## [Try it]
Each record must be repeated exactly as it stands.

### Data for analysis

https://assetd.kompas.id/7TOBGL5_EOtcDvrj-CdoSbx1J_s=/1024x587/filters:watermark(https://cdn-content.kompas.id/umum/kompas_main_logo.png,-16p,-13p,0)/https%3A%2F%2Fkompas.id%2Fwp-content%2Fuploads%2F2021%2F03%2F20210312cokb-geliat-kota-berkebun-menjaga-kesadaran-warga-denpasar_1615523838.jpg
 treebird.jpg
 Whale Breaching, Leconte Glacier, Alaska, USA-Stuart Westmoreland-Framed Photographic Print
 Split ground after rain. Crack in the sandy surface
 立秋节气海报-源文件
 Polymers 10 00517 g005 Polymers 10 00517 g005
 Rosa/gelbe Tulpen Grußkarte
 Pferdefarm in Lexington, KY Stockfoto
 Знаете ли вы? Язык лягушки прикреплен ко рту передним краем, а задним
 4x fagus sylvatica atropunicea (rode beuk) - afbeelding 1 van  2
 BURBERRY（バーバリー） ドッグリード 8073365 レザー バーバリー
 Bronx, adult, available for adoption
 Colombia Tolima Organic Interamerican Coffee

######

## [Task response]
https://assetd.kompas.id/7TOBGL5_EOtcDvrj-CdoSbx1J_s=/1024x587/filters:watermark(https://cdn-content.kompas.id/umum/kompas_main_logo.png,-16p,-13p,0)/https%3A%2F%2Fkompas.id%2Fwp-content%2Fuploads%2F2021%2F03%2F20210312cokb-geliat-kota-berkebun-menjaga-kesadaran-warga-denpasar_1615523838.jpg
 treebird.jpg
 Whale Breaching, Leconte Glacier, Alaska, USA-Stuart Westmoreland-Framed Photographic Print
 Split ground after rain. Crack in the sandy surface
 立秋节气海报-源文件
 Polymers 10 00517 g005 Polymers 10 00517 g005
 Rosa/gelbe Tulpen Grußkarte
 Pferdefarm in Lexington, KY Stockfoto
 Знаете ли вы? Язык лягушки прикреплен ко рту передним краем, а задним
 4x fagus sylvatica atropunicea (rode beuk) - afbeelding 1 van  2
 BURBERRY（バーバリー） ドッグリード 8073365 レザー バーバリー
 Bronx, adult, available for adoption
 Colombia Tolima Organic Interamerican Coffee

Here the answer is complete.